Similar: Forecast consensus for active season. Balancing these disparate factors, most seasonal forecast groups are again calling for above normal Atlantic activity in 2021. NOAA’s May outlook for around 50% more total storm activity than average, with a two-thirds chance of 110% to 190% of a typical season, is a fair representation of the current range of predictions, which are available and updated here.
WeatherTiger’s forecast algorithm is slightly less bullish; using April and May SST, low-level temperature, trade wind, and SST change forecast inputs, our most likely outcome for 2021 is around 140 units of accumulated cyclone energy (ACE), against an average of 100 over the last 50 years. We predict 50% chances of 105-175 ACE units, 16-21 named storms, 7-10 hurricanes, and 3-5 major hurricanes. That corresponds to about 5-10%, 35%, and 55-60% odds of below, near, or above normal hurricane seasons, respectively, relative to 1971-2020, as shown below.

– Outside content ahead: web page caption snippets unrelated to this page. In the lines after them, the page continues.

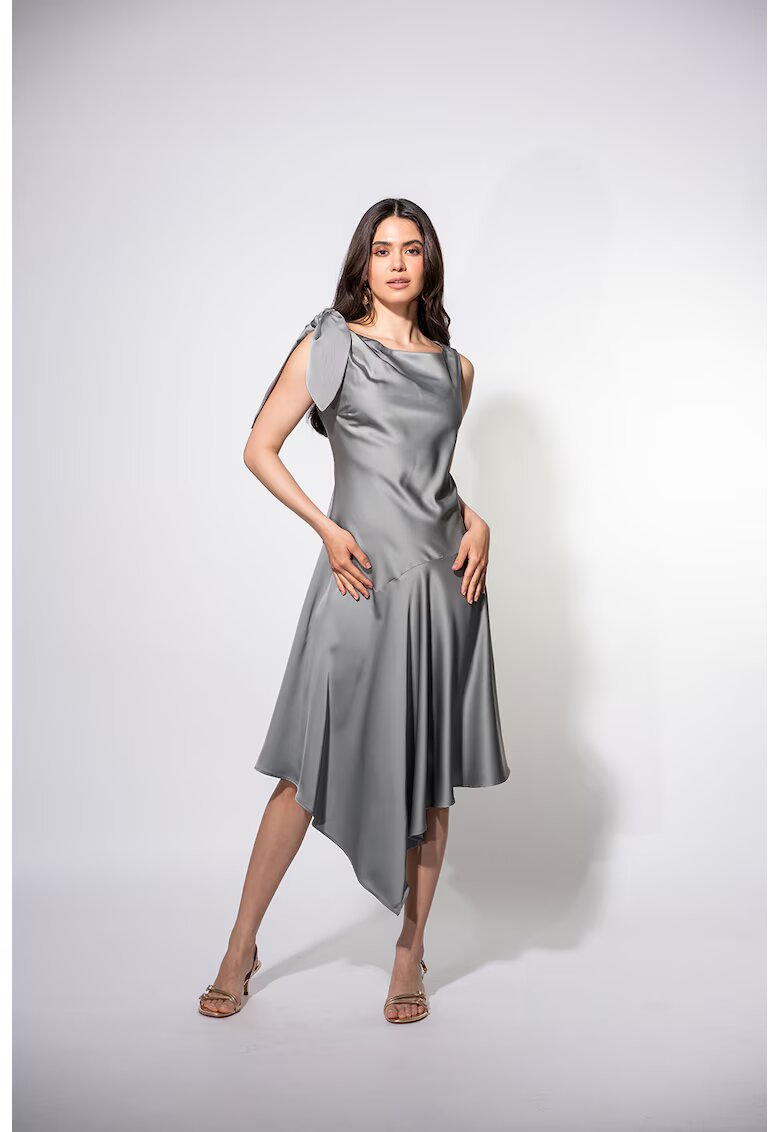 Hermosa Rochie asimetrica Elania - Gri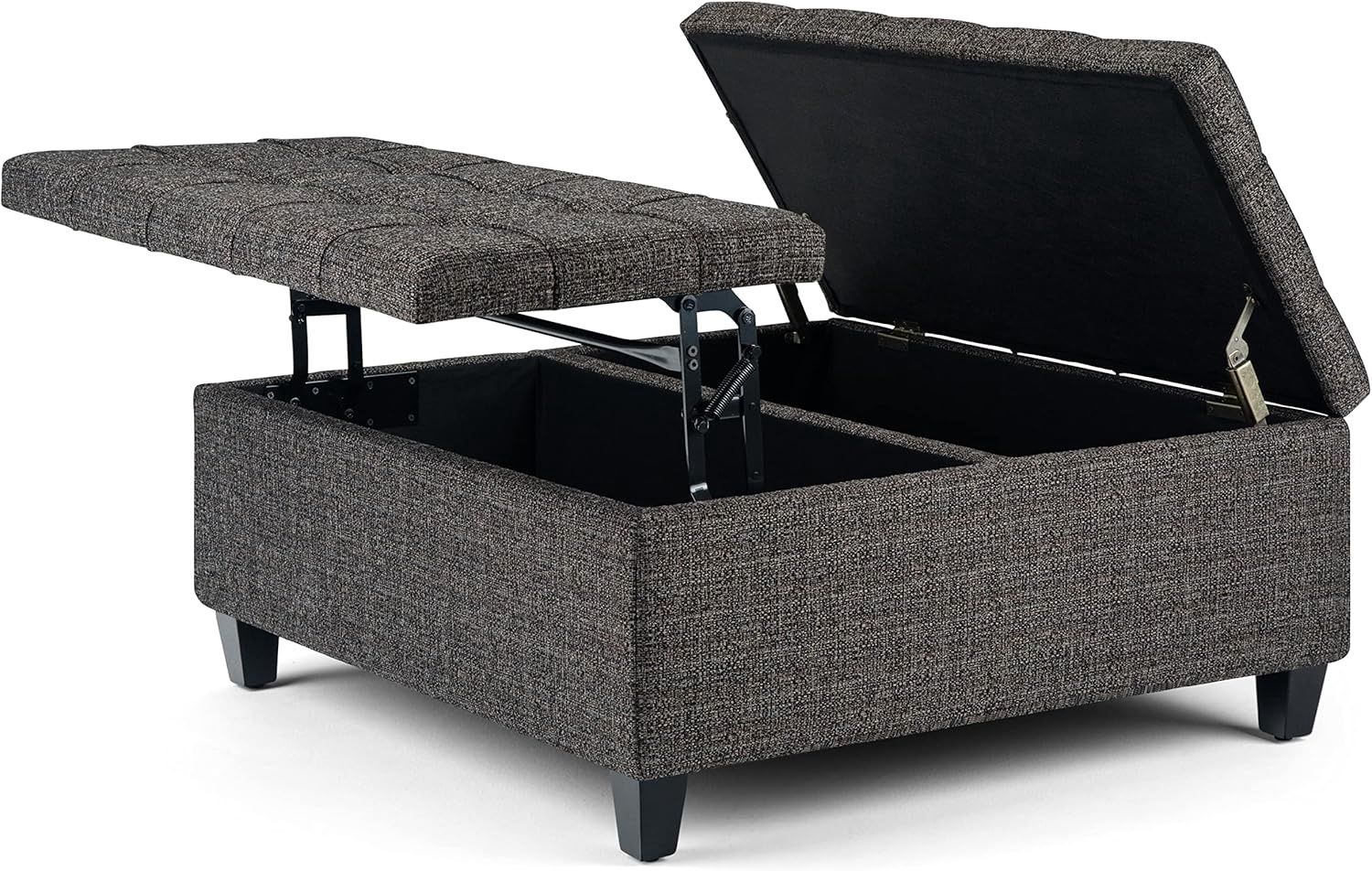 Ottoman with the top lifted to reveal spacious interior storage for blankets, pillows, or accessories.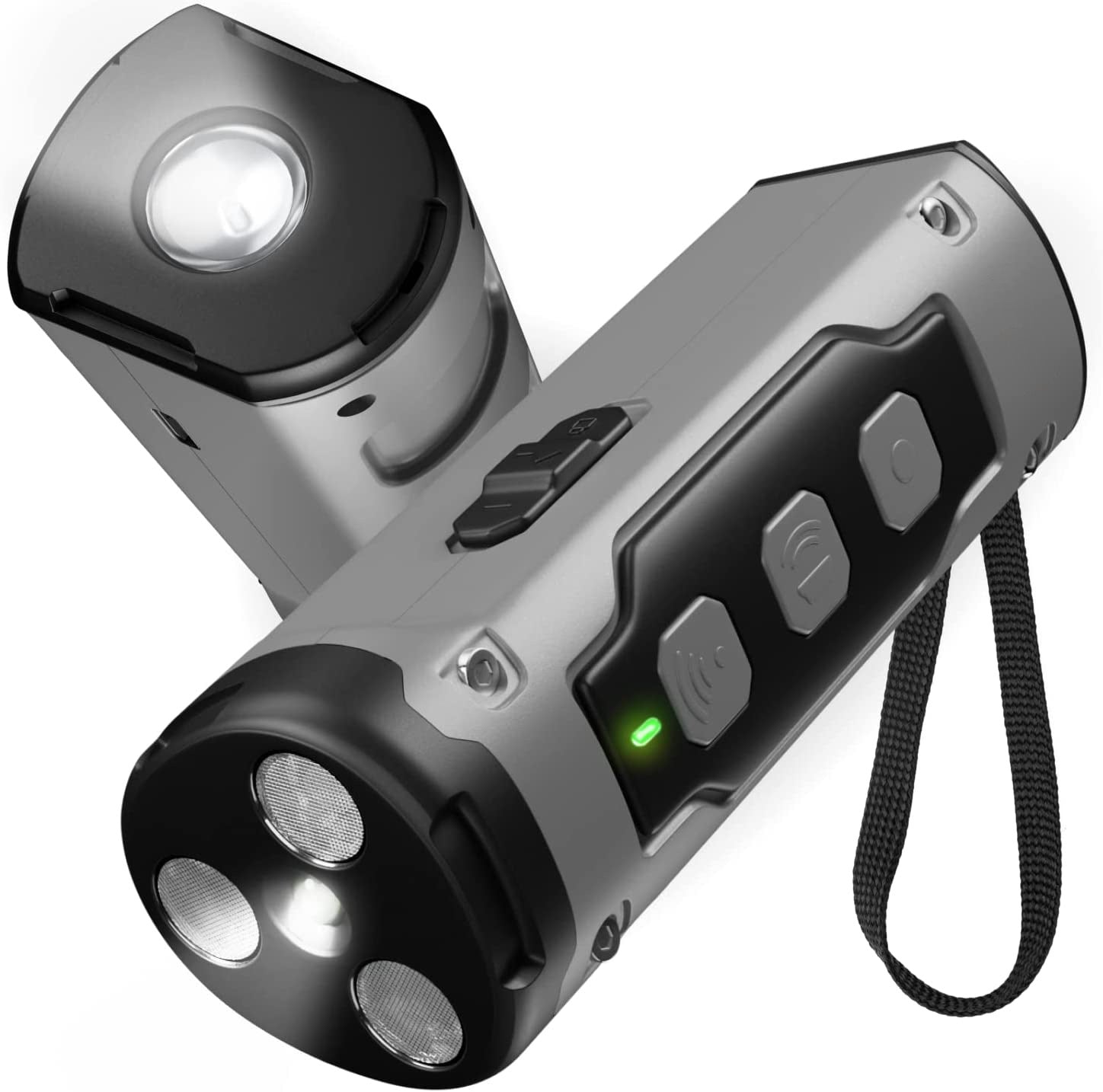 Dispositivo antiladridos ultrasónico de tres cabezales con linterna LED.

The probability of a hyperactive (ACE 165+) season like 2020 is estimated at around 25-30%. This is a little lower than other groups, as WeatherTiger’s model weights the mild MDR waters more heavily. Our key analog years to 2021 at this point are 1955, 1969, 1988, 1995, and 1999, with 1955 probably the best match at this point to both Atlantic SST configuration, cool-neutral ENSO conditions, and a cool phase Pacific Decadal Oscillation. (The 1955 hurricane season produced multiple North Carolina and mid-Atlantic impacts, but no significant issues elsewhere.) Interestingly, our completely separate analog-only forecast method also has converged on a forecast of around 140 ACE for the year ahead, in very close agreement with our regression models.
Finally, the question of landfall risk always comes up at this time of the year. Unfortunately, because the relationship between overall seasonal activity is fairly weak, we haven’t found a way to make reliably skillful predictions of landfall risk at this lead time. However, the PDO has turned robustly negative over the last couple of months, as shown by the hook of cooler waters angling from California to Alaska above. If this persists, it is a relatively good sign as cold phase PDO conditions tend to favor steering patterns over the Atlantic that are more directed away from the continental United States. I’ll keep an eye on that.
In the end, every year and hurricane season puts its own twist on the Mobius strip of time. In 2020, oil cost negative $42 per barrel. In 2021, we frantically filled Taco Bell Phantom Menace cups with gas. In spring 2020, going outside was not recommended. In 2021, the CDC says no mask is necessary to safely claim vaccination lotto winnings by entering a money machine and grabbing as much blowing cash as possible in 30 seconds. Odds slightly favor an active 2021 hurricane season, but there’s no clear sign of another 2020 incoming and uncertainty abounds. The future is unwritten, just like Joe Strummer said. Keep watching the skies.